RECORDED INFORMATION
▶

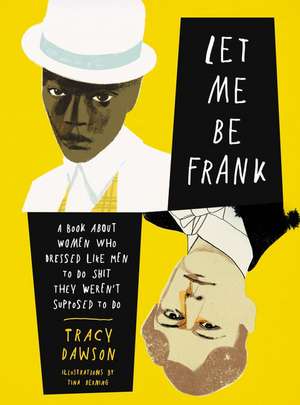 Let Me Be Frank: A Book About Women Who Dressed Like Men to Do Shit They Weren't Supposed to Do de Tracy Dawson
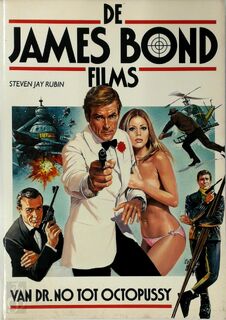 De James Bond films - Steven Jay Rubin (ISBN 9789062133529)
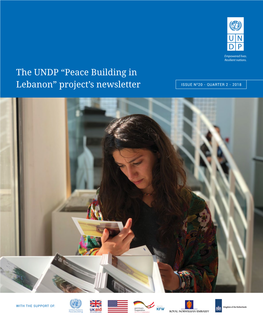 The UNDP “Peace Building in Lebanon” Project’S Newsletter ISSUE NO20 - QUARTER 2 - 2018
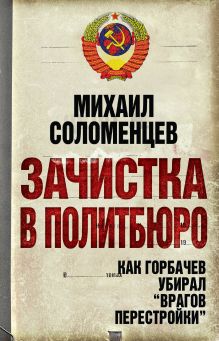 Зачистка в Политбюро. Как Горбачев убирал "врагов перестройки"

◀

Nothing but the pictures should be left out when the material above is copied.

RESPONSE BELOW
 Let Me Be Frank: A Book About Women Who Dressed Like Men to Do Shit They Weren't Supposed to Do de Tracy Dawson
 De James Bond films - Steven Jay Rubin (ISBN 9789062133529)
 The UNDP “Peace Building in Lebanon” Project’S Newsletter ISSUE NO20 - QUARTER 2 - 2018
 Зачистка в Политбюро. Как Горбачев убирал "врагов перестройки"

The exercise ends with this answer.